━━ Data to use ━━

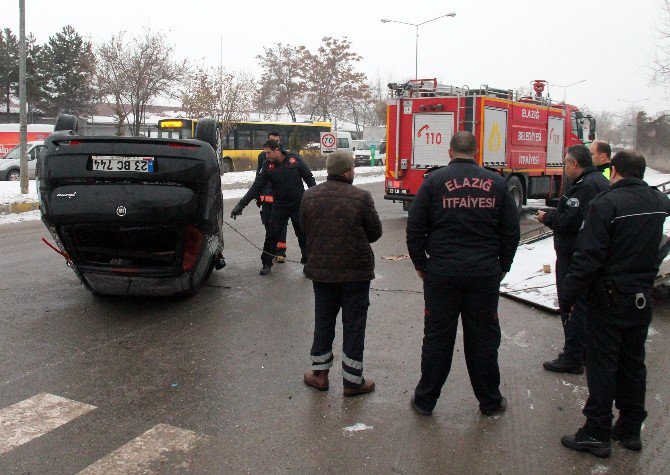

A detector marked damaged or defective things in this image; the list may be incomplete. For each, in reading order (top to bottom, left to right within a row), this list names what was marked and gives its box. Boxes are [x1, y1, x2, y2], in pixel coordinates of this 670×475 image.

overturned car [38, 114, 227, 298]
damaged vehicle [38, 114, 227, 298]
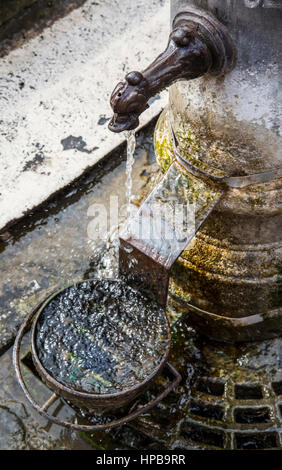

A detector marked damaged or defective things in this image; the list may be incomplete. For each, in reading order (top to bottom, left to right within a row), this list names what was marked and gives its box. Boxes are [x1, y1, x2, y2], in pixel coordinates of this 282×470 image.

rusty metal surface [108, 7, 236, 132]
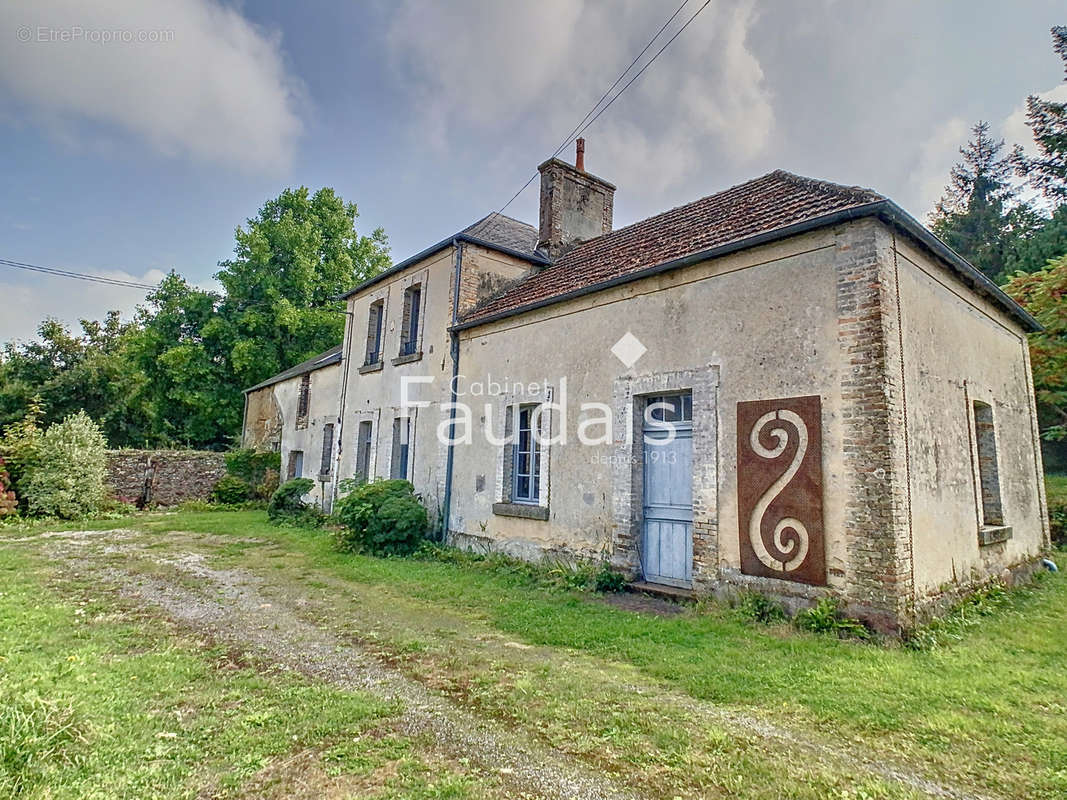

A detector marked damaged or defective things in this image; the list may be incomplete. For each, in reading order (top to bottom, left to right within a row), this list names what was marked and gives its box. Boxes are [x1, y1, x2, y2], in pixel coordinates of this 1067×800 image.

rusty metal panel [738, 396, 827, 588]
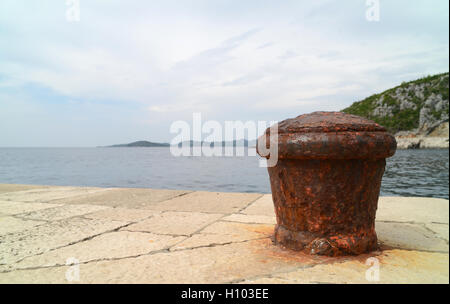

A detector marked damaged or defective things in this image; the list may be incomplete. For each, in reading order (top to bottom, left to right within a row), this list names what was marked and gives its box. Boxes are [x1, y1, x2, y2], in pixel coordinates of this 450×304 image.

━━━

What is needed is every entry above, repeated exactly, with the pictures dropped.

Your solution →
A detector marked damaged or defective things in this image; the list may be incomplete. For each, in reading order (top to bottom, left to right within a row), this list names what was marked and gives its box. Boxes are [x1, y1, x2, y2], in pixel coordinates of this 670×475 image.

overturned car [38, 114, 227, 298]
damaged vehicle [38, 114, 227, 298]

A detector marked damaged or defective things in this image; the list may be incomplete. For each, in reading order (top to bottom, left to right within a row), this list names what was marked and gives its box. Boxes are [x1, y1, x2, y2], in pixel coordinates of this 282×470 image.

rusty metal surface [108, 7, 236, 132]

A detector marked damaged or defective things in this image; the list may be incomplete. For each, in reading order (top to bottom, left to right within a row), this list names what was marked and gives its box. Boxes are [x1, y1, x2, y2], in pixel coordinates of this 1067×800 image.

rusty metal panel [738, 396, 827, 588]

A detector marked damaged or defective things in this image; the list may be incomplete. For each, in reading order (top to bottom, left to right within a row), this list names what was marked and gives its box. Boxes are [x1, y1, x2, y2], in pixel coordinates of this 450×304 image.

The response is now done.